§ MATERIAL PROVIDED:
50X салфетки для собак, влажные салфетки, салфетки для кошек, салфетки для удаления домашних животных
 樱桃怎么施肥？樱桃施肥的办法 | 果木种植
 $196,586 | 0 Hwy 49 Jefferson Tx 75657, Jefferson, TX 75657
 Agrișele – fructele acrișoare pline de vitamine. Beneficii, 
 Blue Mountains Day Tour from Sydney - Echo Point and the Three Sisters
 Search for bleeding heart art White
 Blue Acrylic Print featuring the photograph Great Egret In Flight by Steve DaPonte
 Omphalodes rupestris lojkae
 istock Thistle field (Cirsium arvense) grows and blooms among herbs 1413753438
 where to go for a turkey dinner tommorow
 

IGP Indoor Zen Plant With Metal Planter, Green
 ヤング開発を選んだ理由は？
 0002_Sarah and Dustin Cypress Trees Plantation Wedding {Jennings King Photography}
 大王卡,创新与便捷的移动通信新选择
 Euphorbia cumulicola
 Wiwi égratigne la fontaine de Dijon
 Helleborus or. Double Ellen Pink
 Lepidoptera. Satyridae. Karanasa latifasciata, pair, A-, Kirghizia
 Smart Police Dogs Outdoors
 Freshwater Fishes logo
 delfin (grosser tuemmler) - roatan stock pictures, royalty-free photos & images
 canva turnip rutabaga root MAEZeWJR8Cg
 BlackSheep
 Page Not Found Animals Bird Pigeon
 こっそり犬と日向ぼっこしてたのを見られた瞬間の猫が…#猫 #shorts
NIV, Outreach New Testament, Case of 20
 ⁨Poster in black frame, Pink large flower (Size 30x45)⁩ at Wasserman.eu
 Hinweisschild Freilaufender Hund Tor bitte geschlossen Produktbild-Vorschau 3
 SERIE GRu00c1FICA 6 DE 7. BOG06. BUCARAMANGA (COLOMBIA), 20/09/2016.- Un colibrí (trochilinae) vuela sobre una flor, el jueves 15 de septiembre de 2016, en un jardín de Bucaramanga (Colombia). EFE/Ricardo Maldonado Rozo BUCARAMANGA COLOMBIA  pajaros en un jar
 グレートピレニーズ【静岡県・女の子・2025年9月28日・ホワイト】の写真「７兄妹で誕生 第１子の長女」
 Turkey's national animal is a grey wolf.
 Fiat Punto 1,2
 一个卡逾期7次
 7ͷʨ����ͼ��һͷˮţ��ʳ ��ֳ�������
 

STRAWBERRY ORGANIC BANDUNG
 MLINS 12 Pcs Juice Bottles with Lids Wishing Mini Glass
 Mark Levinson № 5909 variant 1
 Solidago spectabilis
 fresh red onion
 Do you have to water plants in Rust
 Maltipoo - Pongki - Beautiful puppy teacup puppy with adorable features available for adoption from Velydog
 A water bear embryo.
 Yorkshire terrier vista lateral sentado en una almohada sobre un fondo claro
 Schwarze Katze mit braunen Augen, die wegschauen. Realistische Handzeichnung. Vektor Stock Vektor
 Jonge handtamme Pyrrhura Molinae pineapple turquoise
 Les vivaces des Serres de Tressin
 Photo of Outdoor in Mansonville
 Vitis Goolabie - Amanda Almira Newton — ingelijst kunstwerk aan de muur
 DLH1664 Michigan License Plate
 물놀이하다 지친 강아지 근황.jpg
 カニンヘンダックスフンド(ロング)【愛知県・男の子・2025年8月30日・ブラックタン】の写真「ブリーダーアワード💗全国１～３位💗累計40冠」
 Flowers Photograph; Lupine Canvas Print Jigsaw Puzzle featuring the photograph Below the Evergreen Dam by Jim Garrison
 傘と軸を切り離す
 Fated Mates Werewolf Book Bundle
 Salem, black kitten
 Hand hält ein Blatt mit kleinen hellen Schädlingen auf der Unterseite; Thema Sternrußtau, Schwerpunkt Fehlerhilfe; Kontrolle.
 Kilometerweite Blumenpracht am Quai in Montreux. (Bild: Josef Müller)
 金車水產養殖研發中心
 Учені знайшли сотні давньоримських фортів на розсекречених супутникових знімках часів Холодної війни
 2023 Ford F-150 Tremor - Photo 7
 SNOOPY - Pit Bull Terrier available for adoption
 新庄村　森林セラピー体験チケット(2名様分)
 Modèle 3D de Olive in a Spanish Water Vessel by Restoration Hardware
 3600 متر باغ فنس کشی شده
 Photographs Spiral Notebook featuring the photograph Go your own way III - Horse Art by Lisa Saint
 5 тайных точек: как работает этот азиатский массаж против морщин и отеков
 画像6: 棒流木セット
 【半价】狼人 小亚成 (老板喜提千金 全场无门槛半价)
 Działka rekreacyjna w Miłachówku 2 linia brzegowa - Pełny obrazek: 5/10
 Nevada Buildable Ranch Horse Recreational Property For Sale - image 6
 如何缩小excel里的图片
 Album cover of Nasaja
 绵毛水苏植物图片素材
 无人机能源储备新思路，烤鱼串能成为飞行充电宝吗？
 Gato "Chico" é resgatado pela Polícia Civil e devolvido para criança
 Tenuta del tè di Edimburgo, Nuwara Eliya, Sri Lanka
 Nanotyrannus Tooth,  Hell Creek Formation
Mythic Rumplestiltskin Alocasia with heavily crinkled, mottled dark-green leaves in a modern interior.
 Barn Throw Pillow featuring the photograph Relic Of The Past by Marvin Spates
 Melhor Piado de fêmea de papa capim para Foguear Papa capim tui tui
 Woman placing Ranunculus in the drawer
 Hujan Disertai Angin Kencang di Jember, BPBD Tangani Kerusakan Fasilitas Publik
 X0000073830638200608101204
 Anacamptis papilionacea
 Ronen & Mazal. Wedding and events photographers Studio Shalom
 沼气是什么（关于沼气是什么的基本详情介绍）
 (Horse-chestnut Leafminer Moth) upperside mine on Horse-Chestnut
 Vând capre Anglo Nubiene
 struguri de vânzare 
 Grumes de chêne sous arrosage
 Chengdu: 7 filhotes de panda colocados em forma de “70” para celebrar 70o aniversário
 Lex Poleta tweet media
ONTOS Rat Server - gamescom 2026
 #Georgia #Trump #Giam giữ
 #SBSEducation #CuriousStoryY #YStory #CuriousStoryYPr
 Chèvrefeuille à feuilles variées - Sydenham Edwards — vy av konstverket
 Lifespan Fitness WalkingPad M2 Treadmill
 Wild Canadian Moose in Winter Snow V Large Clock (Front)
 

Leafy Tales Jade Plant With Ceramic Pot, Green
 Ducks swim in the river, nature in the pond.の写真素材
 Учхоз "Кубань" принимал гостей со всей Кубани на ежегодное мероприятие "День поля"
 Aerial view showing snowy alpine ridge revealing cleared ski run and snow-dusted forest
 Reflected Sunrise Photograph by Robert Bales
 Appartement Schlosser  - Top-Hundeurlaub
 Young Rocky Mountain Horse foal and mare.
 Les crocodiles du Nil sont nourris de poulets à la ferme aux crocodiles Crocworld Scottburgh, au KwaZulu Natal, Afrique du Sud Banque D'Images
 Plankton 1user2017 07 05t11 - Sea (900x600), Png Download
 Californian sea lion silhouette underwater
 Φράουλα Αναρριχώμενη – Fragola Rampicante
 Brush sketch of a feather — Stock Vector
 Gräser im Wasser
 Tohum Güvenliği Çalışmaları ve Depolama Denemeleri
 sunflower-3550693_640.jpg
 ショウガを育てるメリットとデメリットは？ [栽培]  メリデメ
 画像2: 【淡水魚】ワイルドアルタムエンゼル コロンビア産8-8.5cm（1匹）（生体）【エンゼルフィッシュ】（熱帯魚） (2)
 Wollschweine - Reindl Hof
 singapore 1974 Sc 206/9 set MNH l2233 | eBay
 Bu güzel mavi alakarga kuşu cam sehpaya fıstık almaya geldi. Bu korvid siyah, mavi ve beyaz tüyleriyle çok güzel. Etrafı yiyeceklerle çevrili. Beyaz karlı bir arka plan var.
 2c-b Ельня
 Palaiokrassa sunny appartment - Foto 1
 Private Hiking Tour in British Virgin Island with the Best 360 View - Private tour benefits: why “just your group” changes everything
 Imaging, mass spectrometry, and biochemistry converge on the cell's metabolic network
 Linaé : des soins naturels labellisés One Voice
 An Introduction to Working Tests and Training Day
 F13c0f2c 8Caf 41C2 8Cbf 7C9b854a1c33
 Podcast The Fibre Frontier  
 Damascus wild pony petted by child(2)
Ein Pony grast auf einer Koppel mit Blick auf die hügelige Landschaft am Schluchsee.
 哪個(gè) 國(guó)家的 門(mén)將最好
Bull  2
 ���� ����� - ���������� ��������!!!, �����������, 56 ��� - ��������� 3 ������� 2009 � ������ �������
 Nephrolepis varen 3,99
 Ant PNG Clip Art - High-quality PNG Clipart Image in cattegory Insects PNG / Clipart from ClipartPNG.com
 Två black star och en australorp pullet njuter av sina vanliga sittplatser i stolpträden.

§ WHAT NEEDS TO BE DONE: Pull each line holding "available" out of the listing.

§ RESPONSE FOR THIS EXERCISE:
 Maltipoo - Pongki - Beautiful puppy teacup puppy with adorable features available for adoption from Velydog
 SNOOPY - Pit Bull Terrier available for adoption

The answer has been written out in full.